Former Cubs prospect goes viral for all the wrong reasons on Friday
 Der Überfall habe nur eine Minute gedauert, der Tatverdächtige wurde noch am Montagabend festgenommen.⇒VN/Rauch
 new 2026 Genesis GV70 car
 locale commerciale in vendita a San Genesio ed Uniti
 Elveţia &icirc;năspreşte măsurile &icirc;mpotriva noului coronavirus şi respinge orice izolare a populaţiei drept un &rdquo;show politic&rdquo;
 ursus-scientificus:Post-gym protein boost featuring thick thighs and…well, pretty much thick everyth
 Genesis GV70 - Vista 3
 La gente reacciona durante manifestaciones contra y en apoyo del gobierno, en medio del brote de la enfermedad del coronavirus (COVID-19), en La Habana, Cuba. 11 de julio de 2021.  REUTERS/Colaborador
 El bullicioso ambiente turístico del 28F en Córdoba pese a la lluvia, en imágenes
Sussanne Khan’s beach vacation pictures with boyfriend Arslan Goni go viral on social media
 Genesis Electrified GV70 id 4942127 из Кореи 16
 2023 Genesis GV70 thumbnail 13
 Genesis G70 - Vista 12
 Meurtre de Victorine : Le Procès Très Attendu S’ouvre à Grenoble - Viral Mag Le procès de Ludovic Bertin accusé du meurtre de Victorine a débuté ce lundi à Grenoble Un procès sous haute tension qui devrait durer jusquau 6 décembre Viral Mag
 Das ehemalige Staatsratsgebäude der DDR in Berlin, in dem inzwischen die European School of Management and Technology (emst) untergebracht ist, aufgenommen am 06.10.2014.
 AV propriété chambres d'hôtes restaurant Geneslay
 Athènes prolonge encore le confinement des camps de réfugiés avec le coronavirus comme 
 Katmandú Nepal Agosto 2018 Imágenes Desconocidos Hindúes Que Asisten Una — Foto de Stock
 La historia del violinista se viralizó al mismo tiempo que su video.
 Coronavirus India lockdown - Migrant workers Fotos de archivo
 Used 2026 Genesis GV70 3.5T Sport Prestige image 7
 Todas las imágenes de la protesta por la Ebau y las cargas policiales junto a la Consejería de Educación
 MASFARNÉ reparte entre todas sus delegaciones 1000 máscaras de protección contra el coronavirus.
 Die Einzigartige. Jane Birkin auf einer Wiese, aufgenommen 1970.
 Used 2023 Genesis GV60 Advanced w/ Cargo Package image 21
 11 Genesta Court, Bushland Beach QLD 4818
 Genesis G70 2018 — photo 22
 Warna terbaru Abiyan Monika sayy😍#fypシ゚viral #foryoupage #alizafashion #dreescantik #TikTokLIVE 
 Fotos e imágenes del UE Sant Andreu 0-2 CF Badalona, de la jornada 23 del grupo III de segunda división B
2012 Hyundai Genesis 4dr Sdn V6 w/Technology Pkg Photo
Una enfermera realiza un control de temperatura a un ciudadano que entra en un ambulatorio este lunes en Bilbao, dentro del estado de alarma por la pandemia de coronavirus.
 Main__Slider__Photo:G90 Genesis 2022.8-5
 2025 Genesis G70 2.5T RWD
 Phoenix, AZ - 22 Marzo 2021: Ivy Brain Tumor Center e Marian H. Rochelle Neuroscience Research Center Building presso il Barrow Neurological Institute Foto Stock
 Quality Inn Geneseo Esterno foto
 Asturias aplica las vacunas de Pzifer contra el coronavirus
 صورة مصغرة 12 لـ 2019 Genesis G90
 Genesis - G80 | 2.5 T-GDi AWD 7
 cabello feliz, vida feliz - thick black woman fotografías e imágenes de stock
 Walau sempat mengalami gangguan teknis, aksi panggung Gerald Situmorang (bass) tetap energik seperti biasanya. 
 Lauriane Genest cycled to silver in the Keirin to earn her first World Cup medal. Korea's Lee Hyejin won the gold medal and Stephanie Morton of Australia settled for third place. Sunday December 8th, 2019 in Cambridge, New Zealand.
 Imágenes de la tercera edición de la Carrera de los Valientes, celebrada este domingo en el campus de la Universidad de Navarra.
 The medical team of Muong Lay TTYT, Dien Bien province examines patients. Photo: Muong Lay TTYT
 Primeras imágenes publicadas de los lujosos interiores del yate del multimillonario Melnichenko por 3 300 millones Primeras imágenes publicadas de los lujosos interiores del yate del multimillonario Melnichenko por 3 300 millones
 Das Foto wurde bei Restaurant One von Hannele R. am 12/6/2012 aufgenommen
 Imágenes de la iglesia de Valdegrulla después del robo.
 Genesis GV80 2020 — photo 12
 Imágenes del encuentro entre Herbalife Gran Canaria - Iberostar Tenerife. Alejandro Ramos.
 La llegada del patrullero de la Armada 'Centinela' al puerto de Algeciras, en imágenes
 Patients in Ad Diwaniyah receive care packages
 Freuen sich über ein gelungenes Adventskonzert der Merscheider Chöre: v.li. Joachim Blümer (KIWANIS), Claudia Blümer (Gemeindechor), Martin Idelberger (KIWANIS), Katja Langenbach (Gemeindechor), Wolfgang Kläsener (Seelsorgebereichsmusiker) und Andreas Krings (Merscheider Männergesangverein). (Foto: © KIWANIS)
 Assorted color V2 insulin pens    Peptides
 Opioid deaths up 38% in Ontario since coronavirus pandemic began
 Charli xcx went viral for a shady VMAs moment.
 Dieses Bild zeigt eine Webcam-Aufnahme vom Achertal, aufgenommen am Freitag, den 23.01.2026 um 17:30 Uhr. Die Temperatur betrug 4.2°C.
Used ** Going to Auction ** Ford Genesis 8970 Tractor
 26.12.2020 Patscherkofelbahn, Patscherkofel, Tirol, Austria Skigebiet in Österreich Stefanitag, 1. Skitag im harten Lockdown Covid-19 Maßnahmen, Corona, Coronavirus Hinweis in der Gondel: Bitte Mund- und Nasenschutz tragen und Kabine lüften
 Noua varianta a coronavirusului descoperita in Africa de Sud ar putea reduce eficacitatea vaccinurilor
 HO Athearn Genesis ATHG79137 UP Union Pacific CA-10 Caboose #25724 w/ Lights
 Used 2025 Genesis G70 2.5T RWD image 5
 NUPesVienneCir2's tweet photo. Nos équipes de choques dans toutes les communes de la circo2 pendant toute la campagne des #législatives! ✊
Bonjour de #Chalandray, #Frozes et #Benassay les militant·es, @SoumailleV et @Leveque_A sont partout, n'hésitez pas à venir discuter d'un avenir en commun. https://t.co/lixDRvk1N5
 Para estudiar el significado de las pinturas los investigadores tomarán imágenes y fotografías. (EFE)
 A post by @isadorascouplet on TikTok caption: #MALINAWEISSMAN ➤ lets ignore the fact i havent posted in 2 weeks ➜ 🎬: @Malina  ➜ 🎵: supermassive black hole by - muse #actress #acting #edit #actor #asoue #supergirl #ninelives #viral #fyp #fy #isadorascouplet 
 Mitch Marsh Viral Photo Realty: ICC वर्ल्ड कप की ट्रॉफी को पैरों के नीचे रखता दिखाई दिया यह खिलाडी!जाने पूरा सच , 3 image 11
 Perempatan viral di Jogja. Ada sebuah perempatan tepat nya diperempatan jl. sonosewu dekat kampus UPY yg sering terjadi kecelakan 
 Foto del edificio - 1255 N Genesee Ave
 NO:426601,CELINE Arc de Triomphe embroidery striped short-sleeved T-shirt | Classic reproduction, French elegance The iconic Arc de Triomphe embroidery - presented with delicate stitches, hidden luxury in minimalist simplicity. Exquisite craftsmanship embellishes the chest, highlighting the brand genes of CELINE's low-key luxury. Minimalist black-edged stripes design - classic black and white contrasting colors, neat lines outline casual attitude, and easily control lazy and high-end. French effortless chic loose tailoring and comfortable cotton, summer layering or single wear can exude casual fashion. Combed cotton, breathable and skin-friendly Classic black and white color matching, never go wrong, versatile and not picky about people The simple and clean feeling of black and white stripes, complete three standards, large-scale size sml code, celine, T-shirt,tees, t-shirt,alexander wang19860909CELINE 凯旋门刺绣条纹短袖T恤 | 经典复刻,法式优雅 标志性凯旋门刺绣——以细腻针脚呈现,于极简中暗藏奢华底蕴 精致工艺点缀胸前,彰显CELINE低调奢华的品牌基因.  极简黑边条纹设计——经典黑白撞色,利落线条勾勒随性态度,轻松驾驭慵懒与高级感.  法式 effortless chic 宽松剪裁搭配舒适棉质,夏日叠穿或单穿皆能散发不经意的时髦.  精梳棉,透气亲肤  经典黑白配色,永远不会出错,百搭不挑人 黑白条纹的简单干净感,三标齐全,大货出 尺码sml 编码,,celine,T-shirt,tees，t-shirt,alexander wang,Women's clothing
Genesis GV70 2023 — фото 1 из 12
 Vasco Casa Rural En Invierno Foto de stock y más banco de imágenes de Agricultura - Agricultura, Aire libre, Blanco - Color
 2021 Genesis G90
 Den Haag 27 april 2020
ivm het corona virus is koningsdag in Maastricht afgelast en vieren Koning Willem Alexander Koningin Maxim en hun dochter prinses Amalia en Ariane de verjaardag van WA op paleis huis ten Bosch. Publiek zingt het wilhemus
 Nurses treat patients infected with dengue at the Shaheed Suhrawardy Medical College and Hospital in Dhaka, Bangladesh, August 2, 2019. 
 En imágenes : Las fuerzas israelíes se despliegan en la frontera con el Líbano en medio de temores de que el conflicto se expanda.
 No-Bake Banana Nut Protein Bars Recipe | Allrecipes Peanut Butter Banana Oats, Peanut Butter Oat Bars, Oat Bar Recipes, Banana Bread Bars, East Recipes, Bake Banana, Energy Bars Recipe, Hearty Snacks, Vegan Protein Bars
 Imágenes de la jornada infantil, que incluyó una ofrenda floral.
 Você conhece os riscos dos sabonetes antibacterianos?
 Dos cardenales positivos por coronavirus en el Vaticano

#### Exercise instructions
Reproducing the whole listing above is not the task. Copy exactly only the lines from the one with "NUPesVienneCir2's tweet photo." to the one with "2021 Genesis G90", both kept.

#### Response area
 NUPesVienneCir2's tweet photo. Nos équipes de choques dans toutes les communes de la circo2 pendant toute la campagne des #législatives! ✊
Bonjour de #Chalandray, #Frozes et #Benassay les militant·es, @SoumailleV et @Leveque_A sont partout, n'hésitez pas à venir discuter d'un avenir en commun. https://t.co/lixDRvk1N5
 Para estudiar el significado de las pinturas los investigadores tomarán imágenes y fotografías. (EFE)
 A post by @isadorascouplet on TikTok caption: #MALINAWEISSMAN ➤ lets ignore the fact i havent posted in 2 weeks ➜ 🎬: @Malina  ➜ 🎵: supermassive black hole by - muse #actress #acting #edit #actor #asoue #supergirl #ninelives #viral #fyp #fy #isadorascouplet 
 Mitch Marsh Viral Photo Realty: ICC वर्ल्ड कप की ट्रॉफी को पैरों के नीचे रखता दिखाई दिया यह खिलाडी!जाने पूरा सच , 3 image 11
 Perempatan viral di Jogja. Ada sebuah perempatan tepat nya diperempatan jl. sonosewu dekat kampus UPY yg sering terjadi kecelakan 
 Foto del edificio - 1255 N Genesee Ave
 NO:426601,CELINE Arc de Triomphe embroidery striped short-sleeved T-shirt | Classic reproduction, French elegance The iconic Arc de Triomphe embroidery - presented with delicate stitches, hidden luxury in minimalist simplicity. Exquisite craftsmanship embellishes the chest, highlighting the brand genes of CELINE's low-key luxury. Minimalist black-edged stripes design - classic black and white contrasting colors, neat lines outline casual attitude, and easily control lazy and high-end. French effortless chic loose tailoring and comfortable cotton, summer layering or single wear can exude casual fashion. Combed cotton, breathable and skin-friendly Classic black and white color matching, never go wrong, versatile and not picky about people The simple and clean feeling of black and white stripes, complete three standards, large-scale size sml code, celine, T-shirt,tees, t-shirt,alexander wang19860909CELINE 凯旋门刺绣条纹短袖T恤 | 经典复刻,法式优雅 标志性凯旋门刺绣——以细腻针脚呈现,于极简中暗藏奢华底蕴 精致工艺点缀胸前,彰显CELINE低调奢华的品牌基因.  极简黑边条纹设计——经典黑白撞色,利落线条勾勒随性态度,轻松驾驭慵懒与高级感.  法式 effortless chic 宽松剪裁搭配舒适棉质,夏日叠穿或单穿皆能散发不经意的时髦.  精梳棉,透气亲肤  经典黑白配色,永远不会出错,百搭不挑人 黑白条纹的简单干净感,三标齐全,大货出 尺码sml 编码,,celine,T-shirt,tees，t-shirt,alexander wang,Women's clothing
Genesis GV70 2023 — фото 1 из 12
 Vasco Casa Rural En Invierno Foto de stock y más banco de imágenes de Agricultura - Agricultura, Aire libre, Blanco - Color
 2021 Genesis G90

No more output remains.